◆ **WHAT YOU WILL DO**
Below are the entries to work from; restate word for word the portion that opens with the line containing "Item preview, Retro" and closes with the line containing "Sudový organ lienky", keeping both.

STORED DATA Start Marker

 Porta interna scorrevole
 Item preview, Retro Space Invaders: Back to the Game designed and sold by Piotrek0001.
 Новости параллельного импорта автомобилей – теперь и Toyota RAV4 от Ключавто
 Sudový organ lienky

STORED DATA End Marker
STORED DATA Start Marker

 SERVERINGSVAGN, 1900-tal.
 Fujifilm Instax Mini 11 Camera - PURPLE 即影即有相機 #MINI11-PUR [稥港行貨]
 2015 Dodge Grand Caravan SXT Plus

STORED DATA End Marker
STORED DATA Start Marker

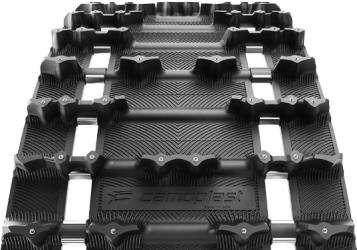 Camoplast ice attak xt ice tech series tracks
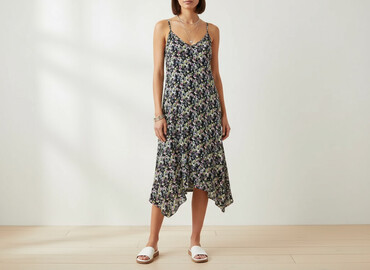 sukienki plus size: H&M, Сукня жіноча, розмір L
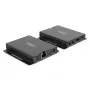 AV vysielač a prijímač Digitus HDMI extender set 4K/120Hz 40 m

STORED DATA End Marker

◆ **REPLY TO THE TASK**
 Item preview, Retro Space Invaders: Back to the Game designed and sold by Piotrek0001.
 Новости параллельного импорта автомобилей – теперь и Toyota RAV4 от Ключавто
 Sudový organ lienky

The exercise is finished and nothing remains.